‘Life is just one big orgy…’
Lucont opened with: ‘Life is just one big orgy: you are surrounded by pricks, c**ts and a***holes’ – and I could not agree more. My life is not a series of sexcapades, but for those who tire of humans easily, Marcel Lucont is the comedian to see. Lucont was at Warwick Arts Centre for the second time and his show attempted to sophisticate Coventry.
But there is only so much you can take from a French nihilist whose life’s greatest (and base) pleasures are wine, women and smoking. Having first encountered him on Russell Howard’s Good News, his TV appearance just like his UK tour Gallic Symbol is a mission to teach the British about why the French way is the only way.

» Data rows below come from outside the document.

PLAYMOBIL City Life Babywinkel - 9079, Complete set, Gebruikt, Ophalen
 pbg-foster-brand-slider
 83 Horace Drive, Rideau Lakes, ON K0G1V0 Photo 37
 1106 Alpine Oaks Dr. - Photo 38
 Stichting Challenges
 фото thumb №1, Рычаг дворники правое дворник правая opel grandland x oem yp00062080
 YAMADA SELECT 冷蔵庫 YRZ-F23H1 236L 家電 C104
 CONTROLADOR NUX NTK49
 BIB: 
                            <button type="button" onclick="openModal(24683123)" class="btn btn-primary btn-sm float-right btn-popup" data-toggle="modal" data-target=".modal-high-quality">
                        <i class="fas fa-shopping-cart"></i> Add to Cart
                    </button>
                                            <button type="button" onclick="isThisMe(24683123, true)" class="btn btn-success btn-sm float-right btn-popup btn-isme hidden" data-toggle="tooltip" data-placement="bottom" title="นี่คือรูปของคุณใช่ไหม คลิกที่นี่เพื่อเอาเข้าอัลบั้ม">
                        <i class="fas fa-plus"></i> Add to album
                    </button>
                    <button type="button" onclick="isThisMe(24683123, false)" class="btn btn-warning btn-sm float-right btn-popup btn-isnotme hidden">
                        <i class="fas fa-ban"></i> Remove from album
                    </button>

If anything, this self-professed ‘best French comedian in the UK’ is a breath of fresh air to the comedy circuit. The British scene is full of self-deprecation and the occasional American who agrees that our superior wit trumps all. Lucont, on the other hand, opens with a song telling us why he is ‘magnifique’ and proceeds to explain in detail for the next ninety minutes what we are doing wrong.
And he gets away with it.
This is partially because his charisma is based on epitomising the French stereotype of being a polo-neck wearing, wine-swirling, pseudo-philosopher who oozes the bohemian vibe with his bare feet. Indeed, how can we make a joke out of him when he sees nothing wrong with the image we have of the French? He goes from guffawing at our cuisine and fashion – to making insightful statements on why relationships and children constrain our free will. Lucont’s act is composed of erotic poetry; narrations from his unfinished autobiography; a live Twitter Q&A session; and bawdy songs. As much as his lascivious ways made me flinch (especially after an uncomfortable rendition of ‘Continental Breast-fest’), the audience were holding onto every word of the Gospel according to Lucont.
Despite trying not to boost his already inflated ego, I have to confess that he is magnetic. Although some, like the one female audience member who claimed that Lucont was ‘sexier’ than her fiancé of two and a half years – would say he was attractive in the physical sense. But his magnetism draws from how his accent and annoying pauses to ‘appreciate’ the joke of British wine, adds gravitas to the atomistic mantra he peddles.
But the main reason why Lucont gets away with his British-bashing is not because he is a sexy Gallic symbol. No, the main reason is because, as he rightly states: we paid to. And having done so, I believe that he is the French loveable rogue you must see. He definitely put the Paris in our ‘Paris of the Midlands’ (that’s Coventry, if you didn’t already know). So we were left enriched, and he definitely richer.